Btw, TestDisk is a very powerful tool and any incorrect use of it may destroy your data. Only use it if you know what you are exactly doing.
Anshad Edavana's suggestion that you should try to recover data first is good advice and there are several ways to do that including the Puppy suggestion but I'd like to address the statement that I quoted.
TestDisk can change your partition table or perhaps the boot sector (and file system if you dig into the advanced menus) but it goes to great lengths to avoid damaging the data on the disk.
What can threaten the data on the disk are things that can overwrite data on the disk (like CHKDSK) and more importantly physical damage to the drive that may continue to do damage as you attempt to recover or repair the drive.
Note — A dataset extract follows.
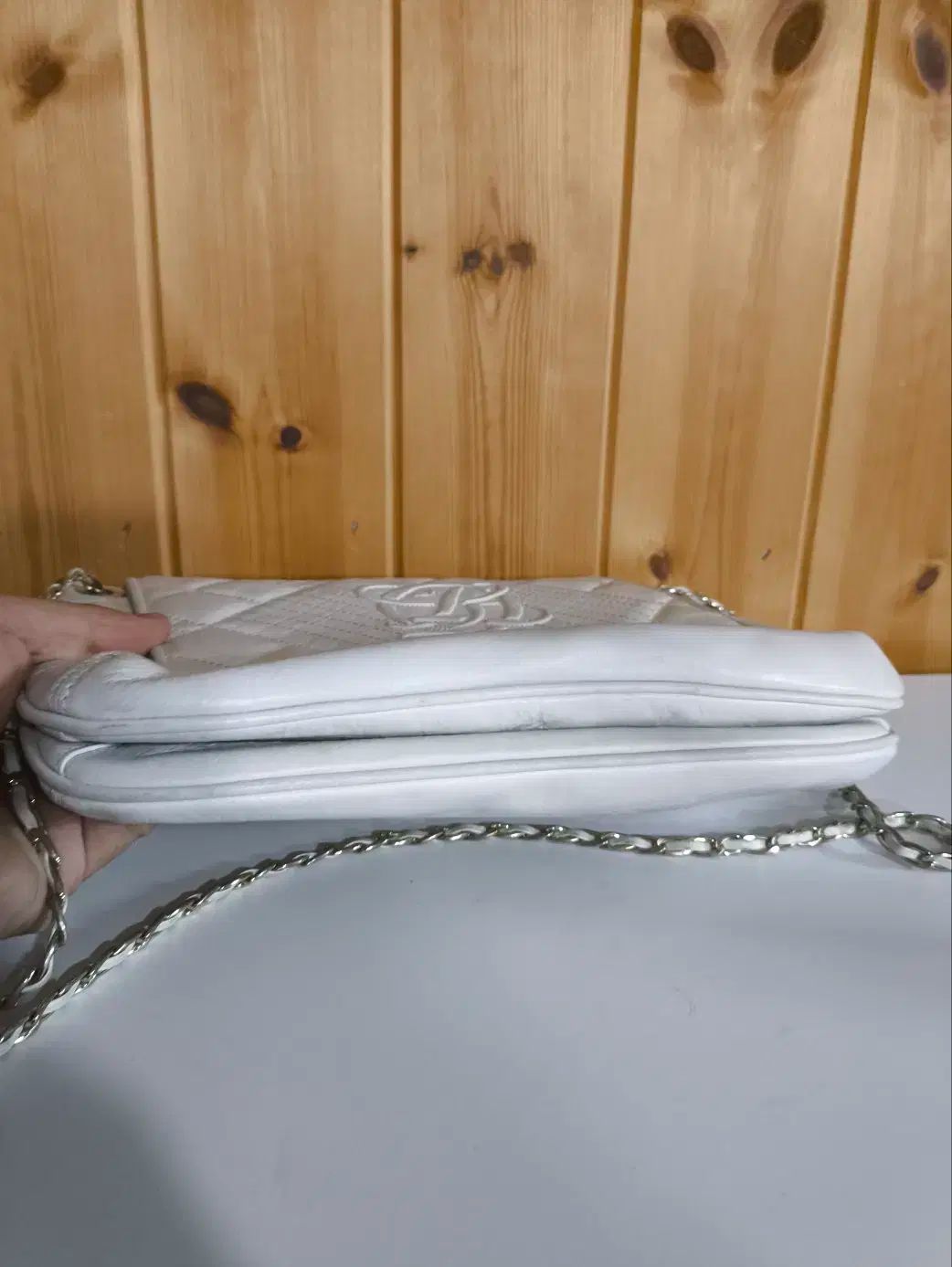 Louis Quatorze ルイキャトルズ ミニ クロスバック 兼 ショルダーバッグ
Of course, the safest course of action would be to send the drive to a professional data recovery lab. If you are not able to do that then the first thing that you need to do is attempt to determine if there is any physical damage to the drive. This would help you decide the best path to a potential recovery.
Get a copy of GSmartControl for Windows (I'm assuming that you have the drive connected to a computer that is running Windows)
Unzip it and run gsmartcontrol.exe
Double-click your bad drive and click the VIEW OUTPUT button and copy and paste the resulting report in your reply so we can look at it.
Let us know if you have any difficulty doing this.